Escusado será dizer que em ambas as situações tudo cai para o torto. Porque três dos quatro comprimidos que Sara tomam são speeds e o último é a razão pela qual consegue dormir à noite. Uma espécie de anti-speed que provoca a reação oposta (duh). Já os jovens chegam muito rapidamente ao pico para a sua descida ser absolutamente vertiginosa (e mais não adianto).

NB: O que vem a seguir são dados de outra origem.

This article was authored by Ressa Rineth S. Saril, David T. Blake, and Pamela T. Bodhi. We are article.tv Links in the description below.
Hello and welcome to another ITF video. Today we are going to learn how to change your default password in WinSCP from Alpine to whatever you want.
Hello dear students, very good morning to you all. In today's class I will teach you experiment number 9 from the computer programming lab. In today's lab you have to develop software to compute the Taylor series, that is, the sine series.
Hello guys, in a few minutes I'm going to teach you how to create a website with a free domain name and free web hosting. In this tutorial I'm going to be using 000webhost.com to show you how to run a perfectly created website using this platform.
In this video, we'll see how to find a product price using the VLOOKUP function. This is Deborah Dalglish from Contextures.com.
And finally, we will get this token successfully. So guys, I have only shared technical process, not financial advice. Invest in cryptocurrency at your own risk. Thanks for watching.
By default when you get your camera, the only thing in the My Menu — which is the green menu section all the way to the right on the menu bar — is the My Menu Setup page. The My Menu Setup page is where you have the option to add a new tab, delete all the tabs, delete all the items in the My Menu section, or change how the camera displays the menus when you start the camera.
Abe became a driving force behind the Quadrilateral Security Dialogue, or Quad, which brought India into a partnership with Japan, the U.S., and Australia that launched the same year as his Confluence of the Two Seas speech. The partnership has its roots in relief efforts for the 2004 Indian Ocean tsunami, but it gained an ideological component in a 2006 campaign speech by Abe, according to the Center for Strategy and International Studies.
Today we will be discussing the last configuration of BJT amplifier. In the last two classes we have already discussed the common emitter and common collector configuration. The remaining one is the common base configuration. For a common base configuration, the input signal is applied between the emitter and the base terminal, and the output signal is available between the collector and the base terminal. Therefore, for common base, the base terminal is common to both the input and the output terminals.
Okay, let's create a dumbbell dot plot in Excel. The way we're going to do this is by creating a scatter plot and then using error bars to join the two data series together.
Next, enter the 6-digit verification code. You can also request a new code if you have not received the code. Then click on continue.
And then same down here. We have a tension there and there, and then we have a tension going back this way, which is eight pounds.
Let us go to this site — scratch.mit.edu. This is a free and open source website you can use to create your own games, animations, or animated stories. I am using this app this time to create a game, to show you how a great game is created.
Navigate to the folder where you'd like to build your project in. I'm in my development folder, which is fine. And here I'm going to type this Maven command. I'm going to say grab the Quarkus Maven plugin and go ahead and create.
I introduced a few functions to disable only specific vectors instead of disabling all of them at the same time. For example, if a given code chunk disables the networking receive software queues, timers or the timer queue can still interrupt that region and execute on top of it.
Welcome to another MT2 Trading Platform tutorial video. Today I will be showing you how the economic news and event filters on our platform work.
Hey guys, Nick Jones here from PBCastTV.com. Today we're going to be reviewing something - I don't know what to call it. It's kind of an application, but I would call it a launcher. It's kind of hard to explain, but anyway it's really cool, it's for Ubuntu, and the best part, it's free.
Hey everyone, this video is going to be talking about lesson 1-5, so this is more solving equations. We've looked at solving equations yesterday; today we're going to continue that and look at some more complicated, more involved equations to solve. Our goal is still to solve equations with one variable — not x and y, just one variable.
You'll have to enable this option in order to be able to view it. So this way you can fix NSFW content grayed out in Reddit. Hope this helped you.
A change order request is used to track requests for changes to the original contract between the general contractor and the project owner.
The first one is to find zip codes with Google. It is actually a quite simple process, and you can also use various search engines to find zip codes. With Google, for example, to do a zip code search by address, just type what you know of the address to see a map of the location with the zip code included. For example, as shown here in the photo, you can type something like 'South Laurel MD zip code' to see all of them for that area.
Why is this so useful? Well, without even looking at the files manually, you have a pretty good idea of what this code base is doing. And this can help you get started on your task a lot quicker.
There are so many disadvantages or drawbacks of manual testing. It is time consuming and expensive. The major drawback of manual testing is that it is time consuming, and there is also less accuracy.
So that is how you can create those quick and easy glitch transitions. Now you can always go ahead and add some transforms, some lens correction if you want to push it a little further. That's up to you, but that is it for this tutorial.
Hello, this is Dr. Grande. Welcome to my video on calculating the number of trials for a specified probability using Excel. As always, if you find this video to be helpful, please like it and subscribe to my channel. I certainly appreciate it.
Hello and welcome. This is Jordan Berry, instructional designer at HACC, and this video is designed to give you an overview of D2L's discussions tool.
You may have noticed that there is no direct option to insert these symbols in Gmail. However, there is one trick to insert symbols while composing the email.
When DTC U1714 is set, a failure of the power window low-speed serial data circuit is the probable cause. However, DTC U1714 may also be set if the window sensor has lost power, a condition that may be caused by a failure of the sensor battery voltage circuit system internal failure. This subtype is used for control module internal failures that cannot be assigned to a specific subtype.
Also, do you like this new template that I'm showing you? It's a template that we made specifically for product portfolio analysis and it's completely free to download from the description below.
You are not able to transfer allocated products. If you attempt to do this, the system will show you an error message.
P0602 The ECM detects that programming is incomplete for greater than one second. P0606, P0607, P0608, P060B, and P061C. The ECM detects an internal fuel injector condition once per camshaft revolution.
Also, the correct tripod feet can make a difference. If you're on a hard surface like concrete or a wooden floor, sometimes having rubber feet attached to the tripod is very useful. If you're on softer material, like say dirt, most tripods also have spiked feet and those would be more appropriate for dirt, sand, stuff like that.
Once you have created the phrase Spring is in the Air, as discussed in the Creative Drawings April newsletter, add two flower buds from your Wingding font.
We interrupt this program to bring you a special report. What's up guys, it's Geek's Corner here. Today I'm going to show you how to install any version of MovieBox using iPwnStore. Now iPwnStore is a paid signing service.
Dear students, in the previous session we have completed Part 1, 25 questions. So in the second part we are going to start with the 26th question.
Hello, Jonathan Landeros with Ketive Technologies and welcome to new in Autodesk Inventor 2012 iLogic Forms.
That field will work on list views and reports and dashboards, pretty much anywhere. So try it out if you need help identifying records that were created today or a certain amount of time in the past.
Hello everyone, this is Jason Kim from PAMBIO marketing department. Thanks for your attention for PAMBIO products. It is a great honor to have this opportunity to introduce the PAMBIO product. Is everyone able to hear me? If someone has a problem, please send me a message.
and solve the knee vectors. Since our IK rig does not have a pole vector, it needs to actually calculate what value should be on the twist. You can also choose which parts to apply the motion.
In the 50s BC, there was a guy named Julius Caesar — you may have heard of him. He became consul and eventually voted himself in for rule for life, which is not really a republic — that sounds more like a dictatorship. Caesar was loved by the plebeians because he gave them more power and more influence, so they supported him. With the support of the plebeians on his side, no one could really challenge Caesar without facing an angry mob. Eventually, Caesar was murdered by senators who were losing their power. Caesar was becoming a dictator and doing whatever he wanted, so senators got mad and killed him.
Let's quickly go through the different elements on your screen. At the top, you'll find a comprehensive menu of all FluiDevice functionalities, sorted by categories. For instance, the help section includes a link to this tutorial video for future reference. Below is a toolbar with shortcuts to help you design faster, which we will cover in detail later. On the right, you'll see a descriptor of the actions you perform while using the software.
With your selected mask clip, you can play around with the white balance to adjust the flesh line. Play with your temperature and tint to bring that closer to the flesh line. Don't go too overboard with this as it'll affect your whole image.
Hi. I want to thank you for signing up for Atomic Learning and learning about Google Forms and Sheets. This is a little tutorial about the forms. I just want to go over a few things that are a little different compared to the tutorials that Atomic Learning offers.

Diz-se por aí que este é um daqueles filmes que não se deve ver duas vezes. Eu concordo apesar já ter visto umas quatro ou cinco vezes. É uma obra brutalíssima, muita crua e muito impactante. É voraz e consome-nos de uma forma que nunca estaríamos à espera. Quando damos por nós estamos ou colados à cadeira ou debruçados sobre a sanita mais próxima. Pessoalmente, acho que seria um material muito interessante de ser explorado numa qualquer intervenção anti-drogas. Não contem com falinhas mansas. É forte, honesto e destruidor. Mas este tipo de reações não são despoletadas ao acaso. Darren joga com o espectador e a forma como usa a câmera faz-nos sentir parte da cena em si pois ele é muito inteligente no seu manuseio por forma a nos integrar da melhor maneira possível. Tanto vemos as personagens de um ângulo mais abaixo que o normal em situações de stress e perigo, como entramos nas suas trips de um ângulo de cima e amplo, passando pelas suas paranóias e agonias através do efeito fisheye. Os ângulos, o time-lapse e, pelo contrário, o slow motion são habilmente explorados para que tenhamos a experiência completa. A cereja no topo do bolo é a banda sonora responsável pela The Kronos Quartet e autora de Lux Aeterna, a música mais esquizofrénica de todo o sempre. Assim que assumimos o compromisso para com o filme, ele também assume connosco. Nós estamos lá para o bem e para o mal. E, senhores, preparem-se para o pior.

Requiem é impiedoso e conta com um elenco extremamente eficaz no seu trabalho. Ellen, a título de exemplo, passou quatro horas na caracterização pois a sua personagem sofre uma drástica perda de peso. Há algumas alterações ao livro mas foram escritas de improviso por Hulbert e Darren. Nada temam, podem confiar no resultado final! Consequentemente, esta é um obra que dará cabo de vocês e cuja mensagem é muito fácil: mantenham-se longe das drogas! Estabelecendo um paralelismo entre a obra literária e cinematográfica, ambas movem-se a um ritmo muito acelerado (a escrita é atípica, cheia de calão e expressões coloquiais, toda ela em prosa e com diálogos à José Saramago) e pautam-se por um ambiente claustrofóbico que trabalha muito a ansiedade e a agonia do leitor/espectador.

Valeu a pena há 18 anos, vale a pena hoje e valerá amanhã. Um mind-fuck pesado que fica e que mexe(rá) sempre connosco.